Un libro dedicato alla madre, Germana Antonucci
“Le ho portato il pc, ne era inorridita; mi ha ispirato. Il mio rapporto con la tecnologia? Penso sano: cerco di utilizzarla per quella che mi serve, con consapevolezza. Ma dietro la tecnologia ci sono persone che la programmano, è una volontà nostra. Talvolta diventiamo noi le macchine, e le macchine hanno dei pregiudizi”. Dal piccolo schermo, grazie a programmi di culto come "La tv delle ragazze", Avanzi, Tunnel, il Pippo Kennedy Show, il fulmine di Raiot (rimosso dopo una sola puntata dal palinsesti), ritrovato recentemente con Propaganda Live, la Guzzanti è da anni oltremodo una regista capace di catalizzare l’attenzione sul grande schermo.
Parliamo di film (considerati) proibiti, documentari irriverenti, che però ne hanno caratterizzato l’anima rivoluzionaria: Viva Zapatero!, Le ragioni dell’aragosta, Draquila, o l’ottimo La trattativa, spaccato sperimentale e d’impatto, incentrato sul rapporto Stato – mafia. “La forza di questi lavori”, racconta, “sta nel fatto che non c’è mai retorica, c’è sempre stata chiarezza, umorismo, ma non violenza, insistenza sulla sofferenza”.

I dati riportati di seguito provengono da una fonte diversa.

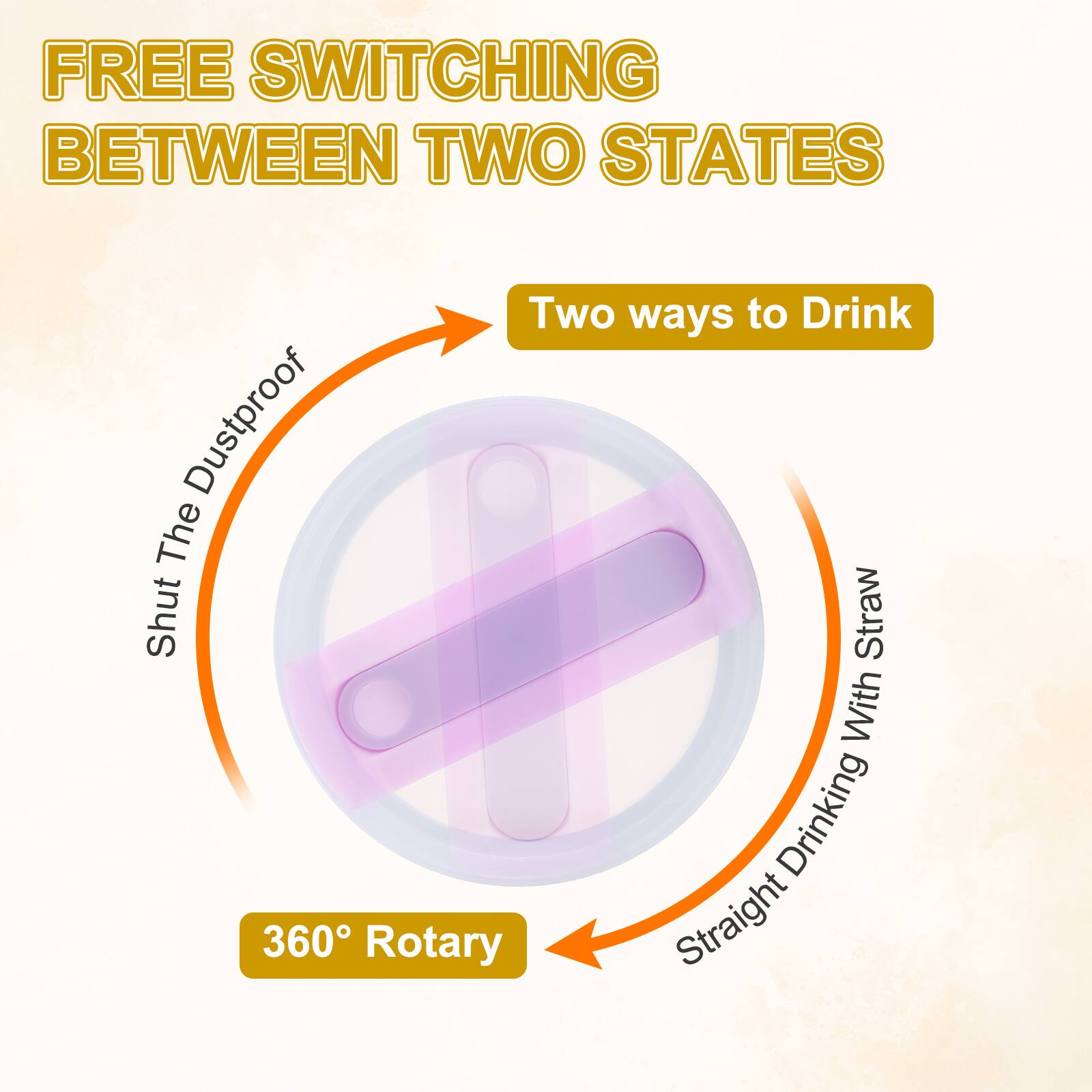FREE SWITCHING BETWEEN TWO STATES  
Two ways to Drink  
Dustproof  
The Shut Straw  
With Drinking  
360° Rotary  
Straight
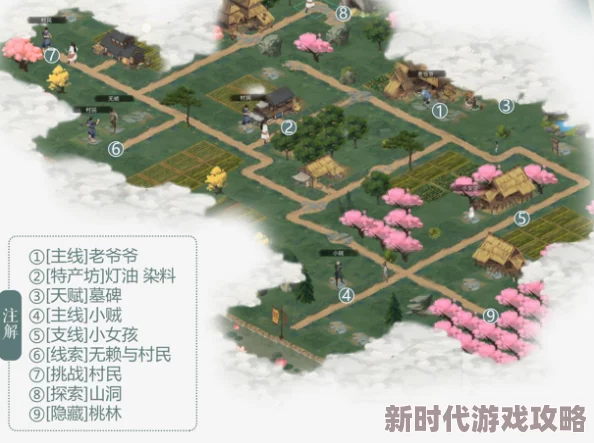 江湖悠悠村落四级商店上新爆料及选购攻略推荐 江湖悠悠村落四级商店上新爆料及选购攻略推荐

Esempi che l’hanno definita in termini di artista e professionista, ma che nel frattempo le hanno portato a doversi confrontare con la censura, i politicanti, riguardo a chi chi non l’hai mai vista di buon occhio e l’ha ingiustamente estromessa dalla libertà di espressione. “Viva Zapatero, alla Mostra di Venezia, fu un momento glorioso, c’andò grazie a Citto Maselli, con la condizione che non si rivelassero i contenuti non prima di 24 ore. Ricordo la sala enorme, strapiena, i 15 minuti di standing ovation, la presenza di tanti registi importanti, da Maselli appunto a Ugo Gregoretti. Era stato commovente, una bellissima esperienza, una grande rivincita dopo la censura, che poi non è mai stata riparata”.